It pains me as much as anybody else to see the sport we all love in peril. Again. It is never ending. But this time, it looks like two drunken fighters swinging at each other in public. Perhaps painful can be actually replaced by pathetic and rather sad.
Having been the Board member for many years of a company that turns over £80 million per annum, as well as an Audit Committee Chair, I have observed political workings at close quarters in another industry. Interestingly, one with the challenges of working within a regulated sector and the seemingly never ending difficult choices that need to be made in order to thrive and grow within it.
The industry I have experience of, is social housing. One that like basketball, is heavily reliant on government funding.
Attached to this, there is a relentless Vale For Money/Efficiency agenda to deal with. Many of the decisions that need to be taken by board and the Executive are not easy and involve some soul-searching.
One of the things that constantly rears its head is the appetite for mergers. I have been involved at the sharp end. I have also been involved in the decision-making process strategically. Throughout it all, it is 100% reliant on people thinking about only one thing – how will it serve the need of customers/tenants.
Not how it might impact on employees, the difficult task of having to collapse management structures. That is a very important element. Of course it is. But ultimately, when two companies merge (or more) you are left with one Chief Executive, one Head of Performance and so on. You also save in the long term on many other things.

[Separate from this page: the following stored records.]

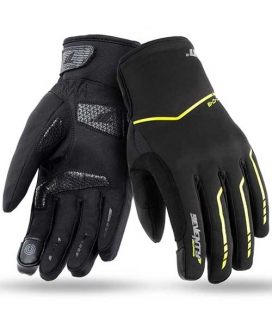 GUANTES DE MOTO INVIERNO DE HOMBRE SEVENTY DEGREES SD-C49 NEGRO/AMARILLO  FLUOR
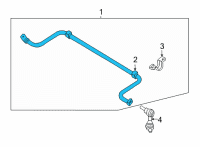 OEM 2020 Nissan Sentra Stabilizer Assy-Rear Diagram - 56229-6LB0A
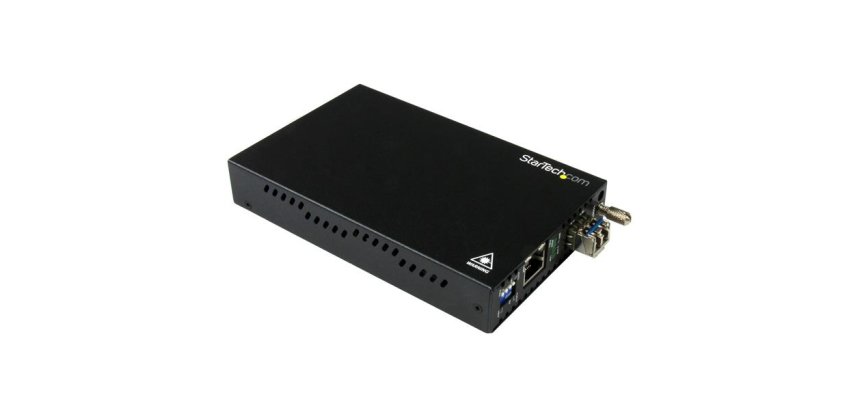 StarTech.com Convertisseur de média fibre optique Gigabit Ethernet - Monomode LC - 20 km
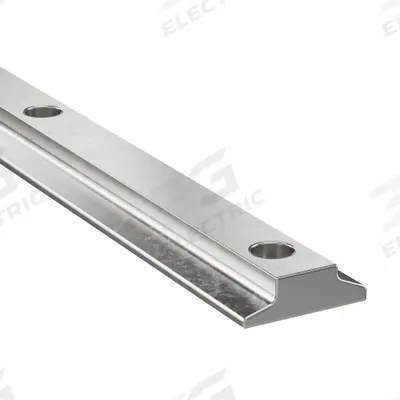 MINVEE Track Support: Aluminum, For Size 0 MinVee Rails - Bishop-Wisecarver MinVee Track Supports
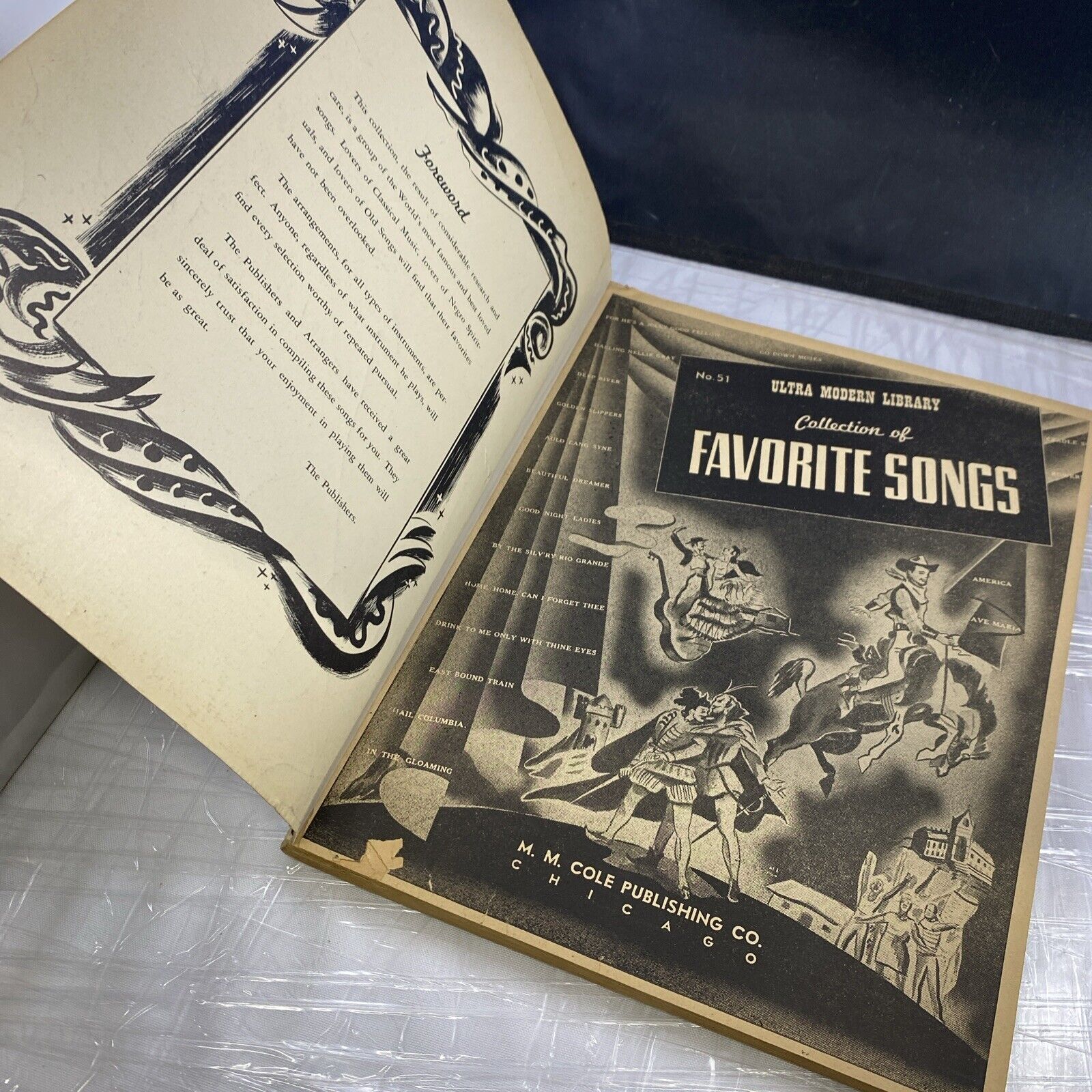 Vintage "No. 51 Ultra Modern Library Favorite Songs" 1940s Songbook Sheet Music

Merger, or the collapse of structures around the concept of simplification is not as simple as people think. There are huge legal fees and other one-off costs to consider. Sometimes it might preclude a merger from happening.
In Housing, a lot of mergers have taken place out of necessity. Thrive or die. A funding cut was implemented by the government. The doom merchants predicted the abyss. Those without vision went into their caves to see how they could stagger onwards – effectively ‘salami slicing’ multiple budgets in an effort to survive.
The sceptics probably rightly drew attention to the fact it was the senior management team who were out to survive – whatever the cost for the tenants/customers.
In stark contrast, the organisations with the best leaders bit the bullet. They bit it hard. They sat in boardrooms and made the tough choices. They realised that the biggest cost saving was not ‘salami slicing’ but to pool resources, to not have duplicated management structures and to merge. Whatever the personal price.
The smarter organisations also diversified, took some well- managed risk and generated some additional streams of commercial income.
But at the heart of this has been one overriding requirement – vision.
Those organisations and [true] leaders in housing didn’t see historic funding cuts as a threat. They turned it into an opportunity. A chance to cut the flab, to ask why you can’t re-model, start again, prioritise, get smarter and do more for less.
Not do less for less. That was the mantra for those self-serving and self-protectionist leaders still in the cave trying to trim every budget they could.
A shoestring is not in the best interest of tenants/customer. A shoestring is not in the best interests of basketball.
As I sit and watch the bloodbath deepen, I see so many parallels to the other sector where I have spent much of my dual career.
It’s not rocket science. Really, it isn’t.
You need leadership (critically Board Members) to make hard choices, ones in the best interests of the sport, have the capacity to look past your own terms and conditions (or that of your Executives), realise that a healthy medium to long term future is healthy for everyone.
In essence you need the vision to prosper and not to want to be a big fish in a little pond who is satisfied with ‘just managing’.
So, forget the shoestring, because with the right leadership, basketball in the UK could do up its own full set of laces and get a spring back in the step.
It’s just a pity that like in housing, it might ultimately take someone from the government or FIBA to force change if some leaders (board members and executives) can’t fulfil their roles as they should.